**EXERCISE DATA**
:::::

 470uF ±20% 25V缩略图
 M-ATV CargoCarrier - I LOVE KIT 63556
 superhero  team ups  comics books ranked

:::::

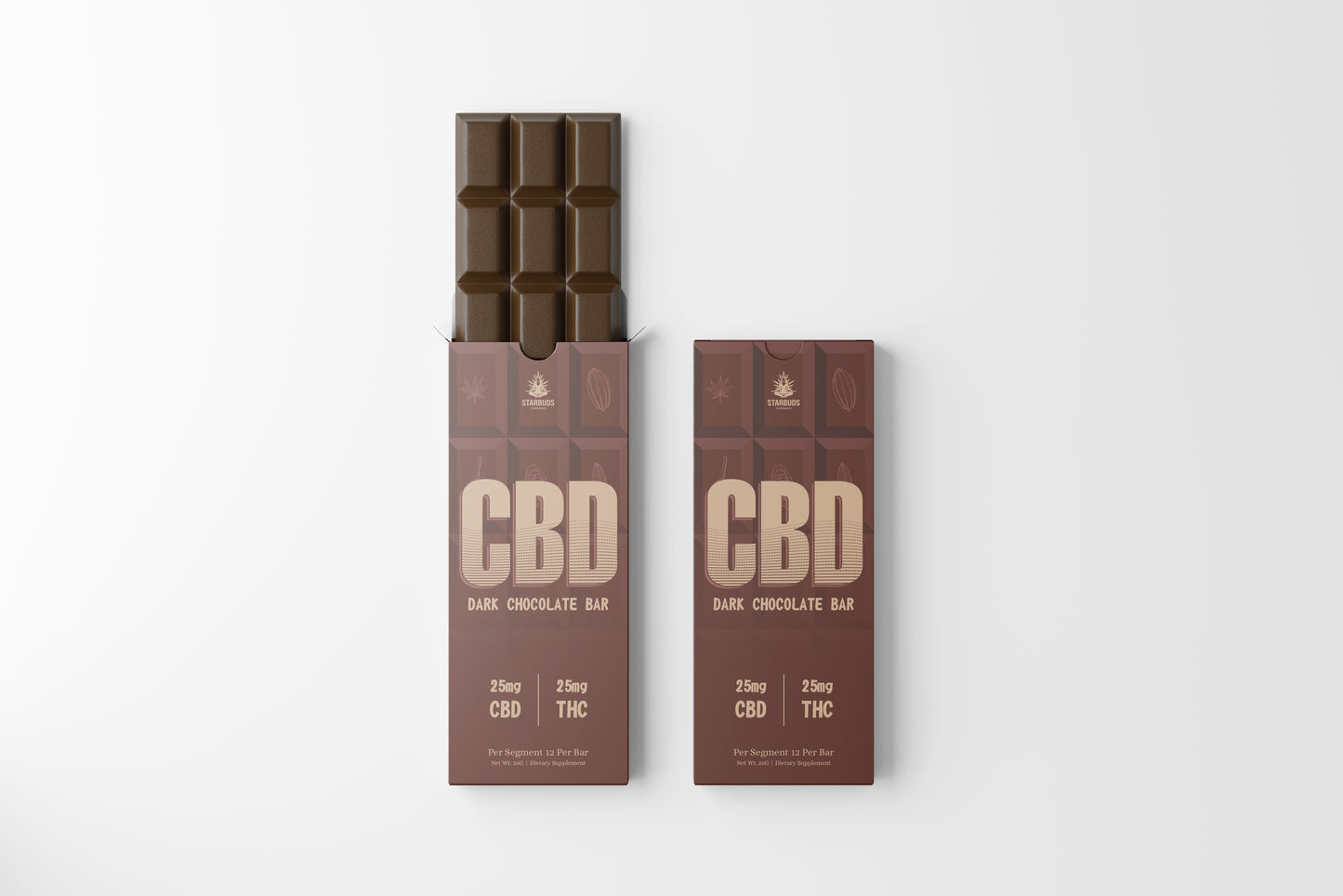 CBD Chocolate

:::::

**TO DO**
Look through the entries above and quote exactly the lines from the line with "M-ATV CargoCarrier - I LOVE KIT 63556" to the line with "comics books ranked", counting both of those lines.

**RESPONSE**
 M-ATV CargoCarrier - I LOVE KIT 63556
 superhero  team ups  comics books ranked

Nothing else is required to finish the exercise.